Rawdon House is a former residence in the High Street of Hoddesdon, Hertfordshire, England. It was built as a house in 1622 by Marmaduke Rawdon, and extended in 1879. The Jacobean and Victorian wings of the building are Grade II* listed. In 1898 it became St Monica's Priory, a convent of Augustinian canonesses, a use that lasted to 1969, since when it has been converted for use as offices.

Guilielma Maria Penn, wife of William Penn, died in Hoddesdon in 1694, and tradition has it that she was staying then at Rawdon House.

==History==
The east wing of the present building was originally built as Hoddesdon House for Marmaduke Rawdon. He was a prominent wine merchant, Master of the London Clothworkers Company, Member of Parliament and friend of King James I, who visited his house from time to time. Although fighting in the Civil War on the Royalist side, the Rawdon family were nevertheless able to hold on to the property throughout the Commonwealth, after which it passed by marriage in 1734 to Richard Plomer. It was subsequently let to a series of tenants, including John Dymoke, the King's Champion.

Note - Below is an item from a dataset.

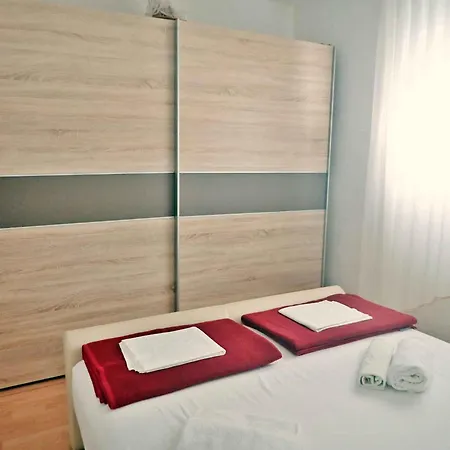 In Starigrad-paklenica 41713 Apartman *
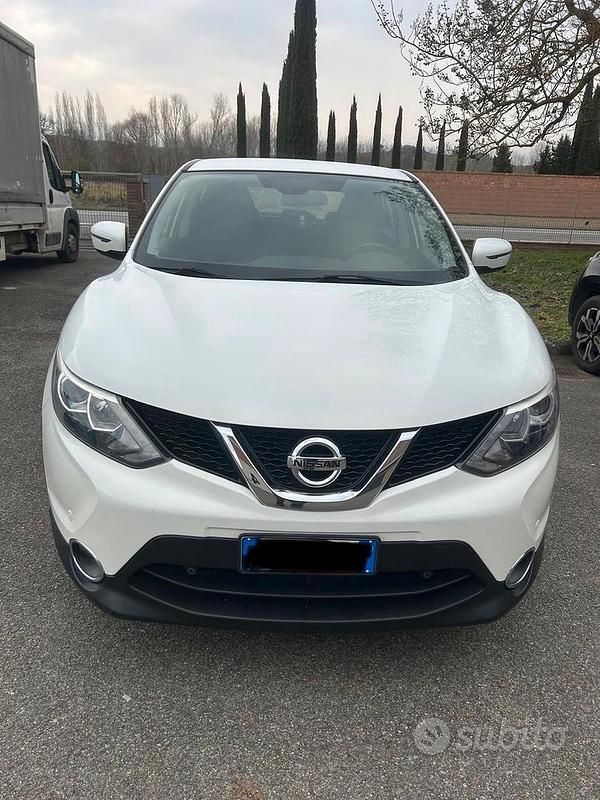 Usata Nissan Qashqai Acenta 115 CV (84 kW) 2015 Bianco SUV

In 1840 the house was bought by the Quaker John Warner, an educational reformer, who rented it to Sarah Stickney Ellis to establish the Rawdon House School for young ladies there, which moved away in 1865. The next owner, Henry Ricardo, commissioned architects Ernest George and Harold Peto to design a north wing to the house, at right angles to the original block, which was completed in 1879. In 1898 the house became St Monica's Priory, run by nuns of the Order of St Augustine. At this point 'the best C17 fittings were taken out' including 'fireplaces now at Rothamsted Manor'. After the priory relocated itself nearby in 1969, the empty building was eventually converted into offices. Nikolaus Pevsner states that this occurred in 1974-5 when it was converted by Rialto Builders.